Minot Gormezano

Les séjours du corps

par Colette Garraud

 

La nature est un temple

La fin du XVIIIe siècle a vu l’avènement d’une sensibilité nouvelle à la haute montagne et la mutation des « pays affreux » des anciens récits de voyages en « paysages ». Il est désormais courant d’associer cette évolution au renouveau, à travers Burke et Kant, de la catégorie antique du « sublime », soit à ce « plaisir mêlé d’effroi » que nous pouvons ressentir « à l’aspect d’une chaîne de montagne dont les sommets enneigés s’élèvent au-dessus des nuages ». Si, dans l’histoire de la peinture de paysage, la montagne appartient à la « typologie du sublime », Alain Roger relève cependant, dès la deuxième moitié du XIXe, une « faillite » de la peinture dans ce domaine, au profit d’une photographie dont la séduction tient paradoxalement à son objectivité documentaire et à son absence de prétention artistique. Plus tard encore, Ansel Adams, dont on a déjà souligné l’importance pour Minot et Gormezano, n’est pas étranger à cette relation à la fois athlétique et scientifique à la haute montagne : l’attestent ses liens étroits avec le High Sierra Club, et sa fréquentation de savants explorateurs topographes et géologues. Cependant, certaines de ses images perturbent délibérément la compréhension objective du paysage et vont dans le sens d’une abstraction déroutante. C’est le cas par exemple des photos de reflets, tel l’extraordinaire effet de miroir de Wanda Lake near Muir Pass (1933).

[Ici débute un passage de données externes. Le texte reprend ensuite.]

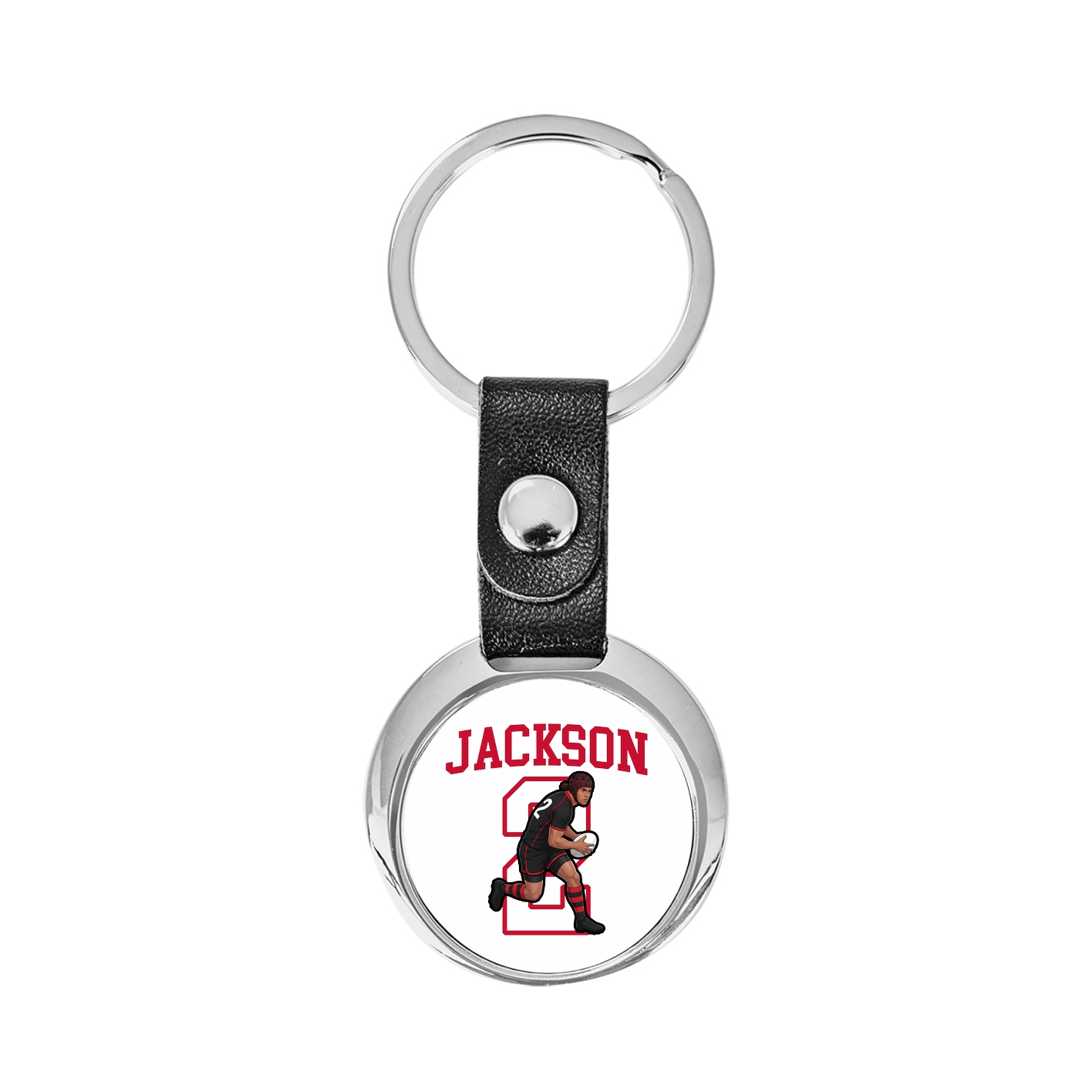Key Chain — Shirsey in Classic
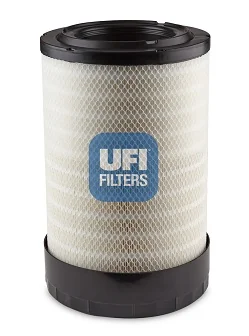 UFI Filters - 27.I37.00 - Luftfilterelement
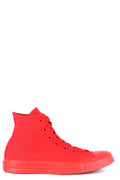 Converse All Star Women Red Sneakers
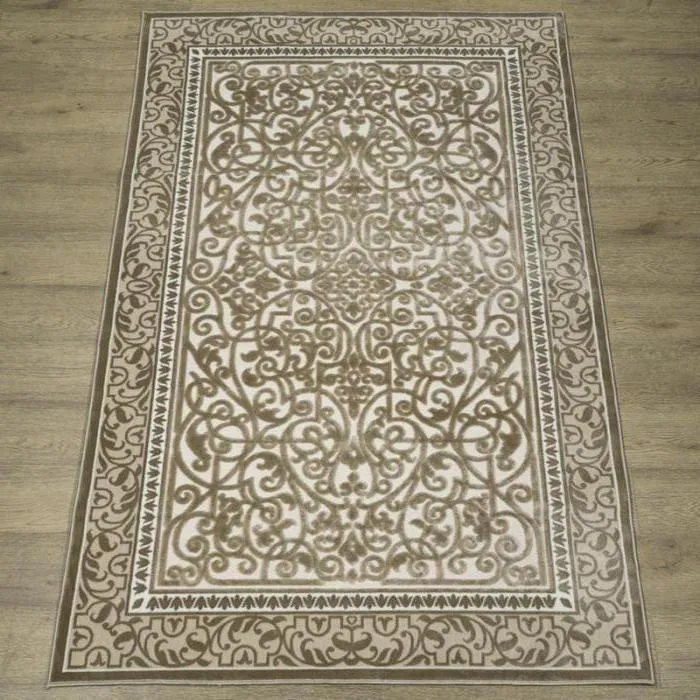 Ковер Шенилл 27512 23888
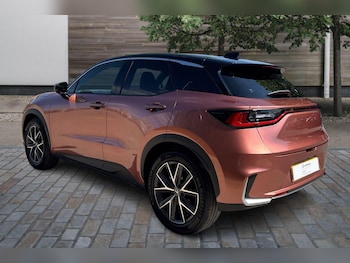 Used Lexus LBX 2026 for sale - 77218283: Photo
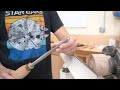 Tool Tuesday With Seri Robinson Ep10 Eliminates The Need For Sandpaper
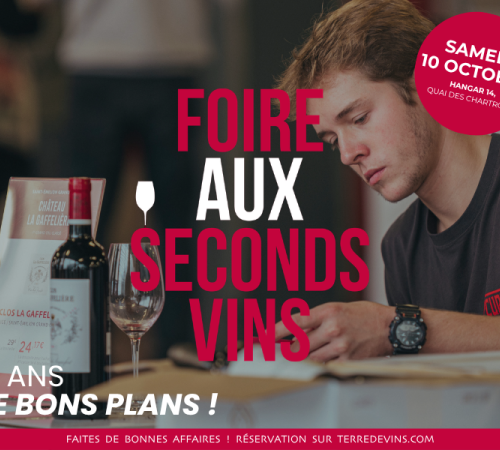 Foire aux seconds vins
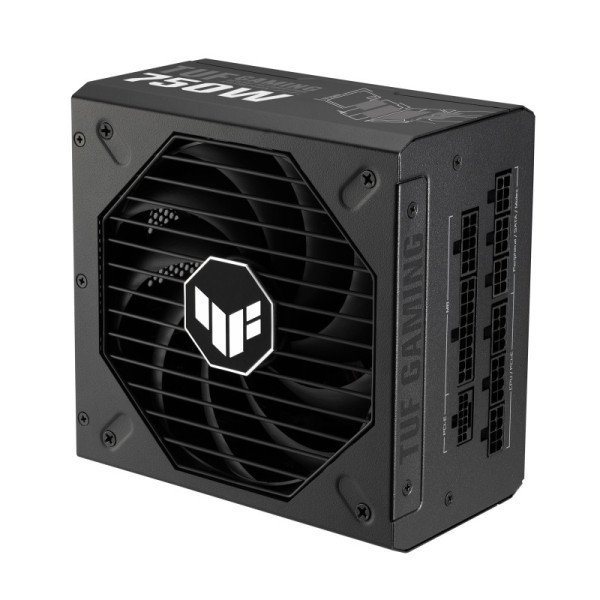 Блок живлення Asus TUF-GAMING-750G (90YE00S3-B0NA00)  Фото №6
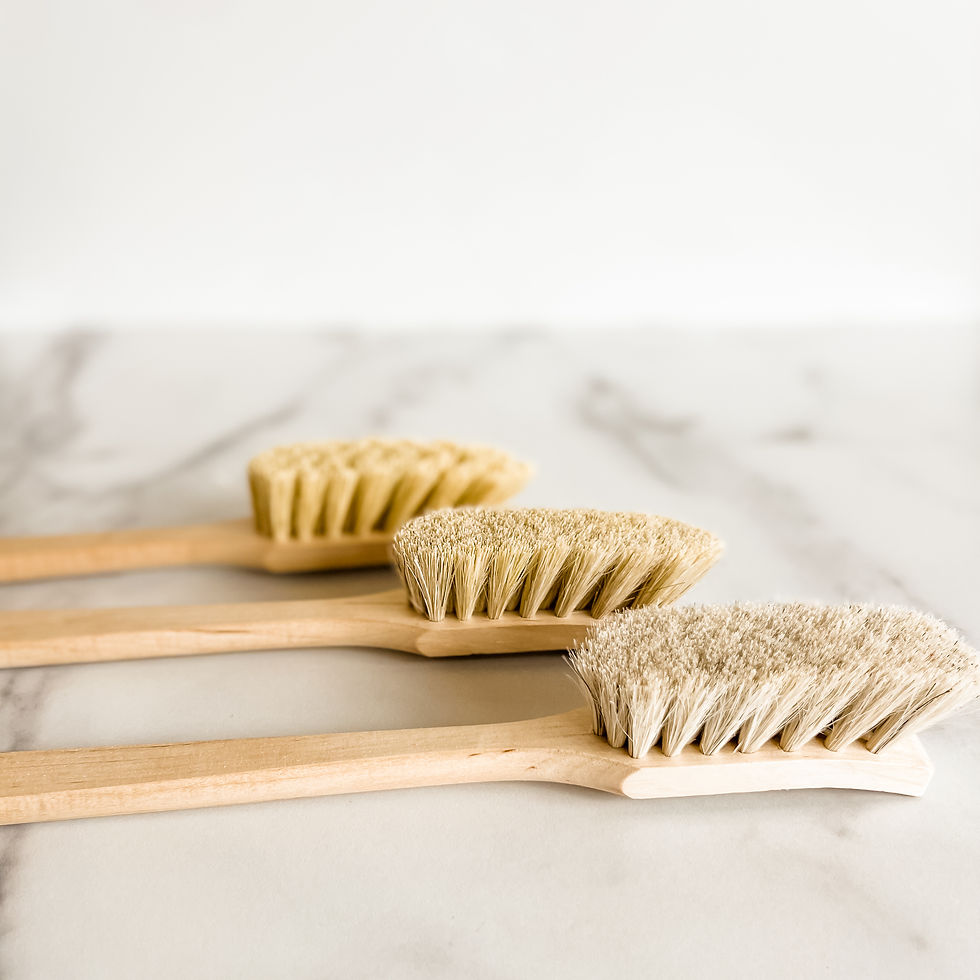 Thumbnail: Long Handle Dish Brush, Soft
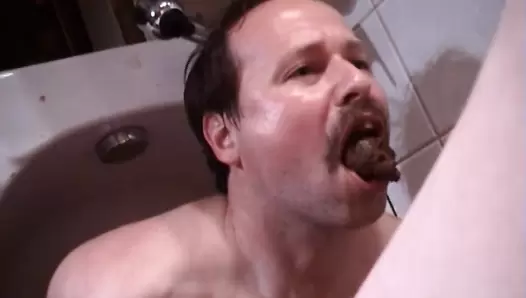 Dirty Games of Mature Ladys in Bathroom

Il est difficile de ne pas s’en souvenir devant certaines vues de la série Terres de Ciel, où le reflet joue également un rôle essentiel, tout en notant que, là, le positionnement du corps, désormais immobile, sur l’axe de symétrie de l’image accentue encore ce caractère statique déjà sensible dans les compositions très élaborées des grands paysages de montagne, vides et silencieux, d’Ansel Adams. L’une des caractéristiques du travail du photographe américain, que relève plus particulièrement Gilbert Gormezano, est l’inversion des valeurs que nécessite parfois la saisie d’un paysage dans sa totalité : les neiges « noires » d’un premier plan, par exemple, dues à la longueur de la pose sans laquelle l’éclat cristallin d’une cime n’aurait pu être rendu. On notera qu’un étrange rapport de valeurs se manifeste pareillement avec les deux images himalayennes de L’Eau dans lesquelles l’alvéole creusée dans la congère pour abriter le corps semble se décoller du fond comme un relief.

 
La montagne signifie, dans l’œuvre de Minot et Gormezano, l’accès à l’ouvert, à la transparence, à la lumière, et l’arrachement définitif à la boue. Le corps si longtemps rampant, gisant, prostré, se redresse en s’aidant de deux bâtons fourchus, et s’avance sans but, car le but est le chemin lui-même. Il se déplie sur une plate-forme de pierres enneigée pendant la nuit, ou s’incline, au cœur d’une niche de pierres ou de neige, au premier plan de ce qui est désormais pleinement un paysage, si longtemps attendu, et devant lequel il s’efface finalement, dans l’ultime image des Terres de Ciel pour laisser place à deux blocs enduits de pigment blanc, bornes laissées par les artistes au plus haut de leur parcours himalayen, au-dessus des glaciers d’où va surgir le Gange.